--- Assigned task ---
Using the material below, print a verbatim copy of every line from the one containing "2020 Boho Wedding" through the one containing "Flat For sale", inclusive, and omit the pictures.

--- Provided records ---
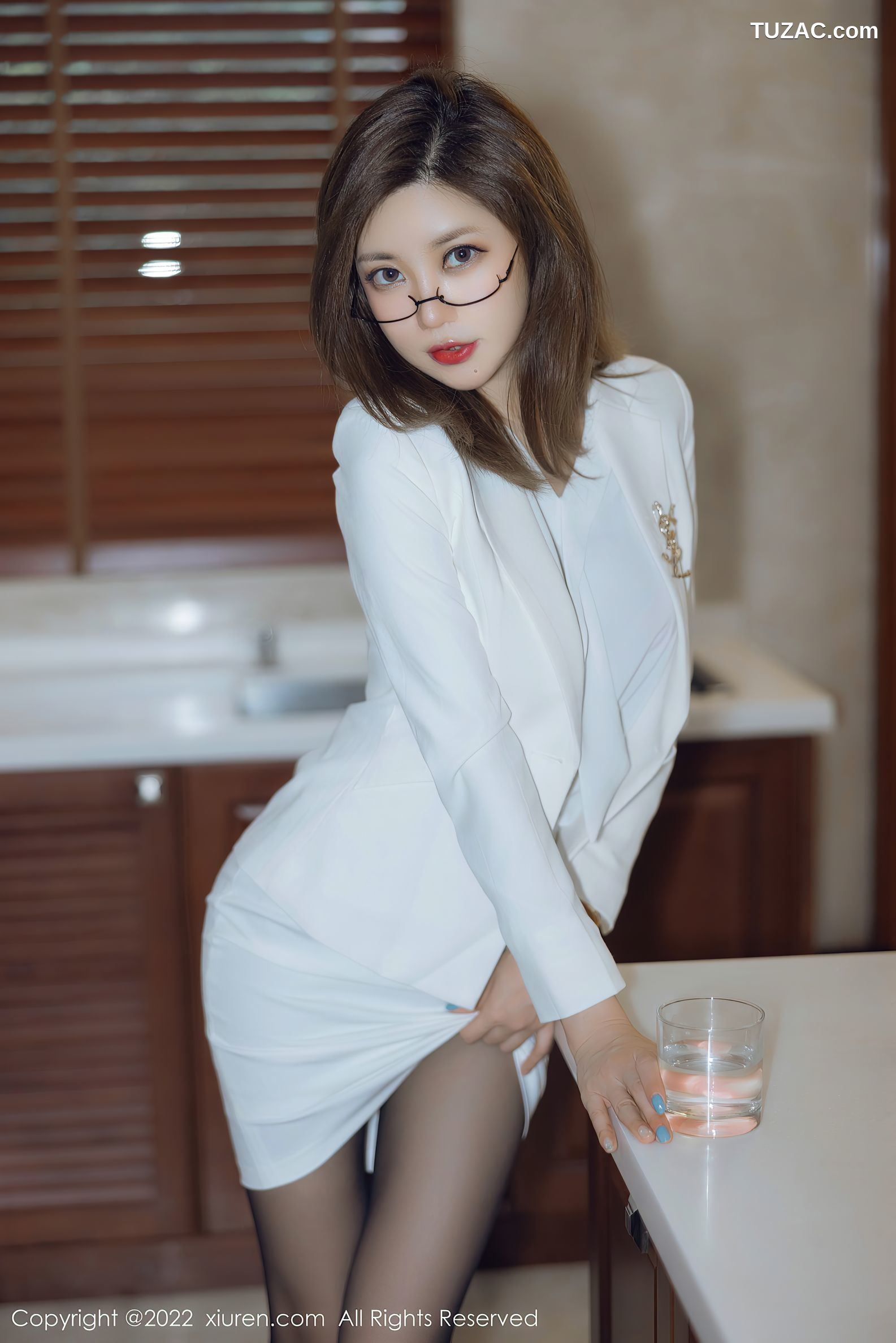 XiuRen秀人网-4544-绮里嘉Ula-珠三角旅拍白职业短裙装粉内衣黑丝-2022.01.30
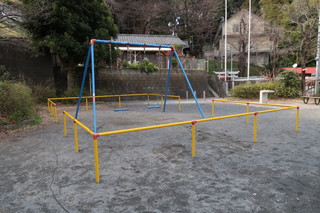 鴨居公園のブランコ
* * *
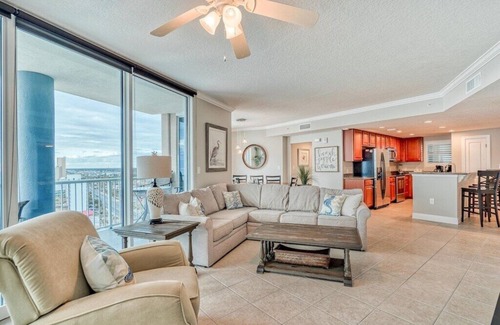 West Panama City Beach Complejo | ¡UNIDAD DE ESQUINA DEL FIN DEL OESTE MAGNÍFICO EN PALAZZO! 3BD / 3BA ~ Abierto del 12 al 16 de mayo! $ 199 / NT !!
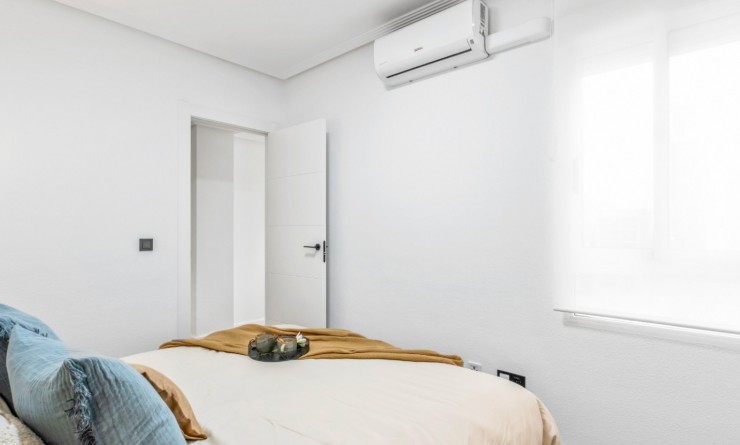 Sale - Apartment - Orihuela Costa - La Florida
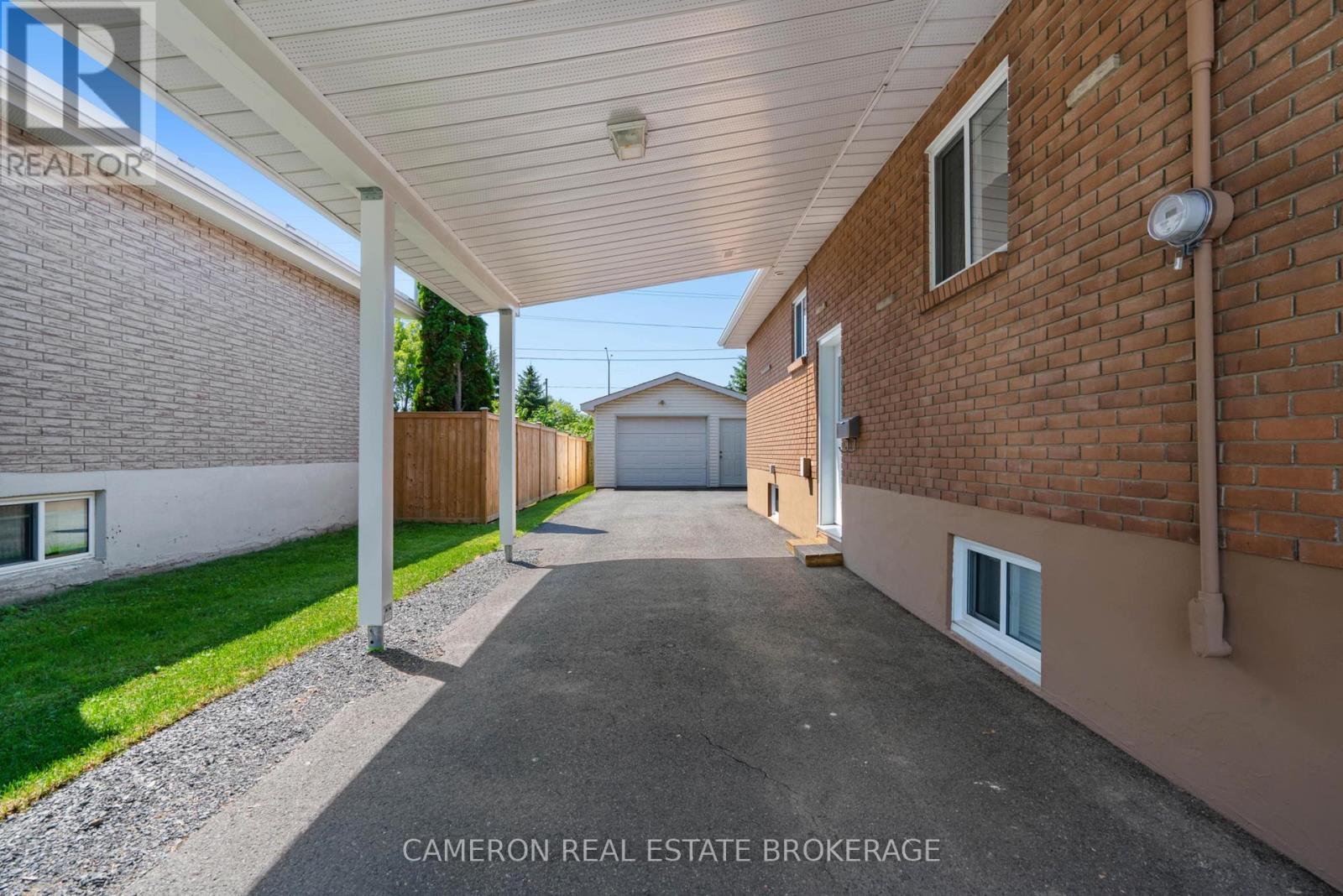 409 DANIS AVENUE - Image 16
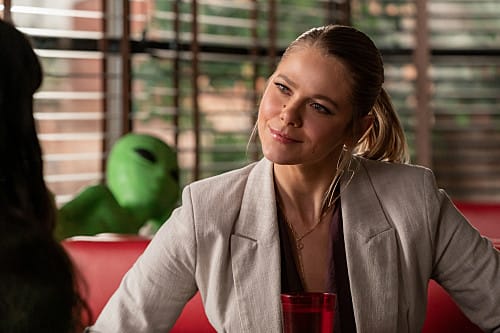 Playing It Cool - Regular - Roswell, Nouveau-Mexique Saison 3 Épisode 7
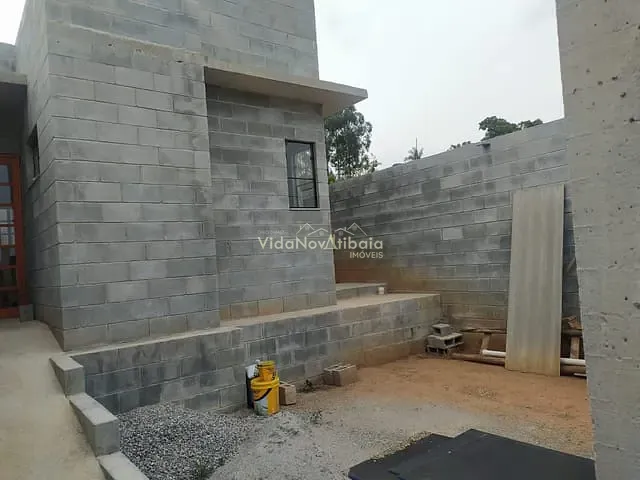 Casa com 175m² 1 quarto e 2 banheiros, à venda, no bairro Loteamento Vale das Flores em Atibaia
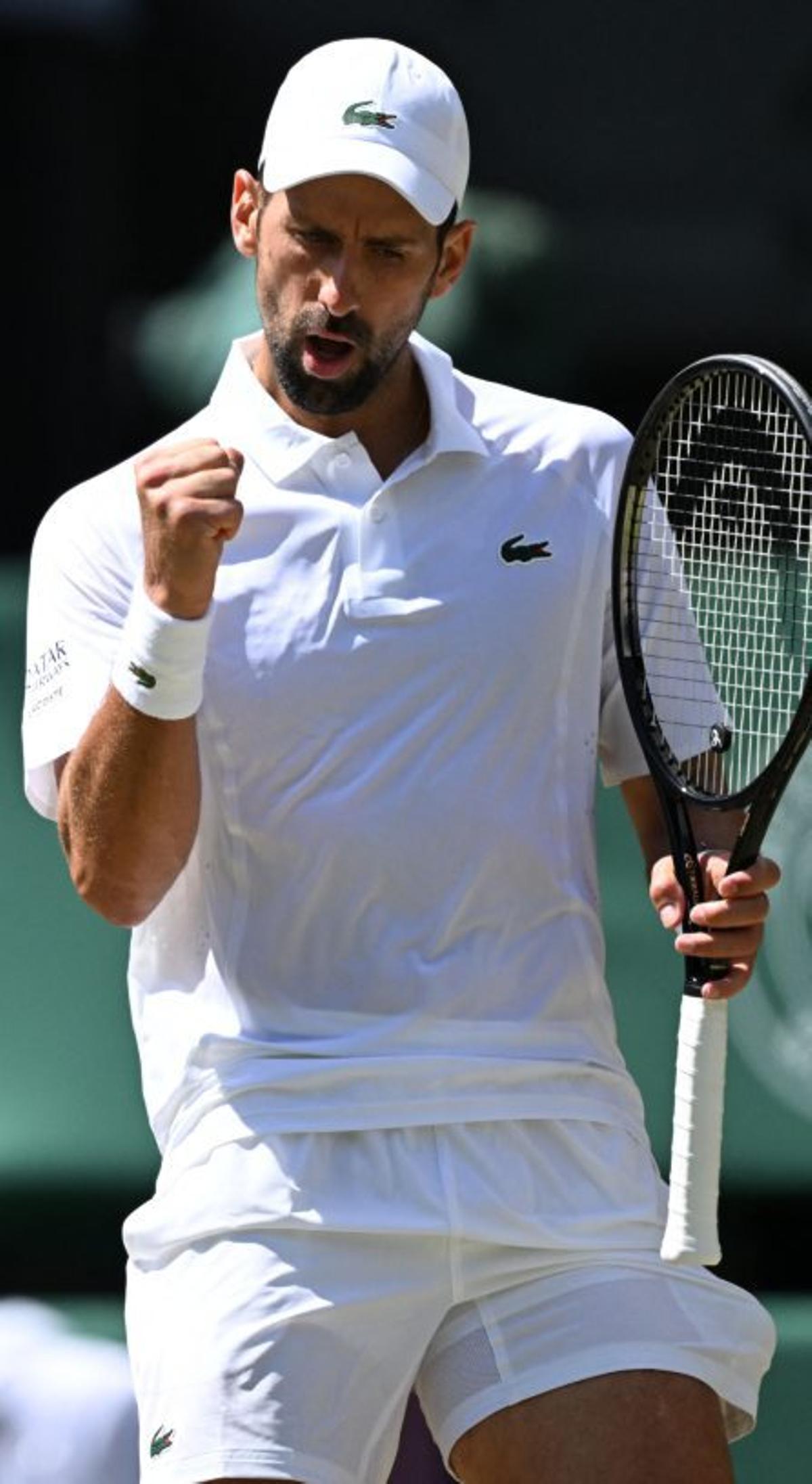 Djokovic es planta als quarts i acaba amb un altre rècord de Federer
...
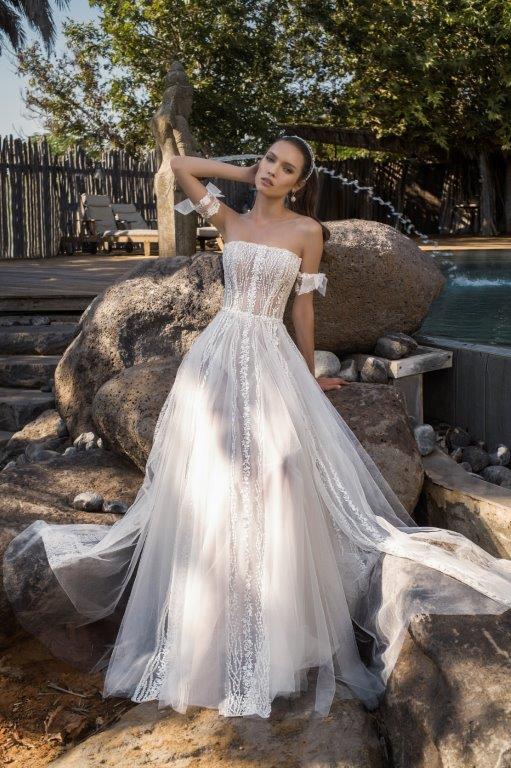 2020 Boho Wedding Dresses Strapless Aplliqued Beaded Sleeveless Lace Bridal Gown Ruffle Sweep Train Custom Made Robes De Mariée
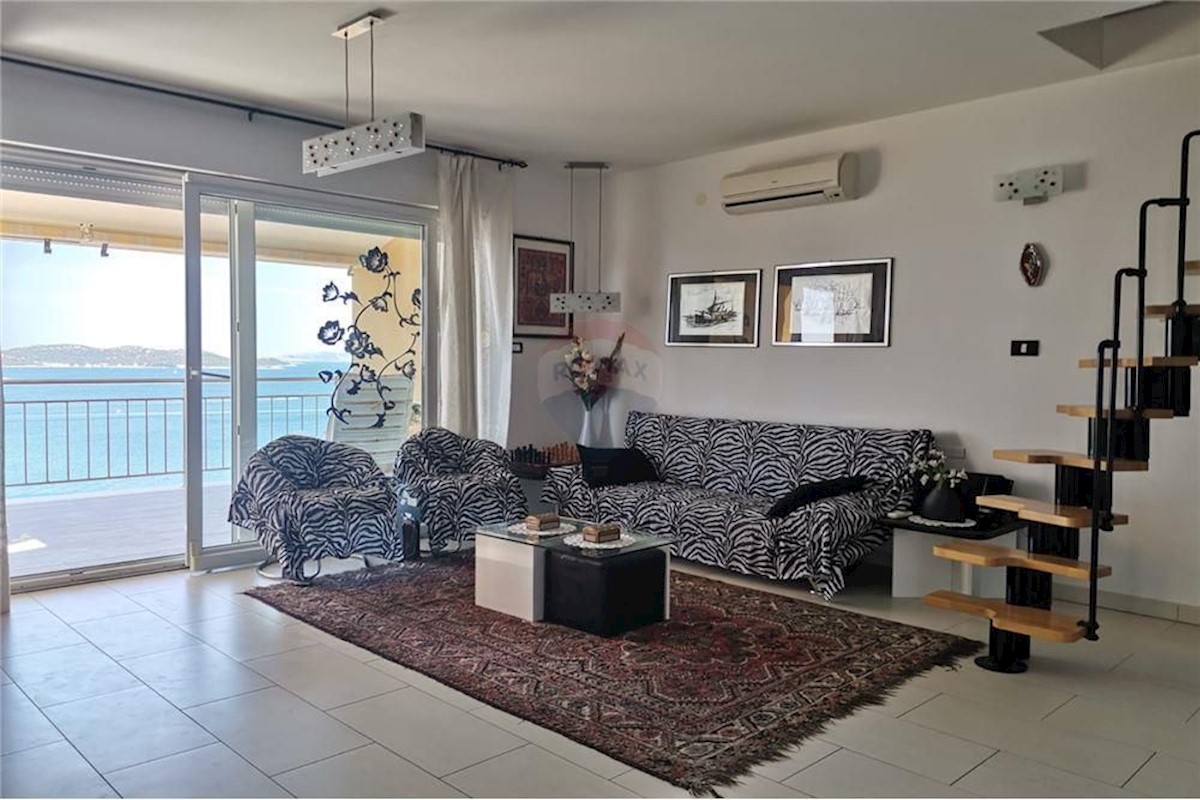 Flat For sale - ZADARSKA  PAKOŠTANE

--- Answer box ---
 2020 Boho Wedding Dresses Strapless Aplliqued Beaded Sleeveless Lace Bridal Gown Ruffle Sweep Train Custom Made Robes De Mariée
 Flat For sale - ZADARSKA  PAKOŠTANE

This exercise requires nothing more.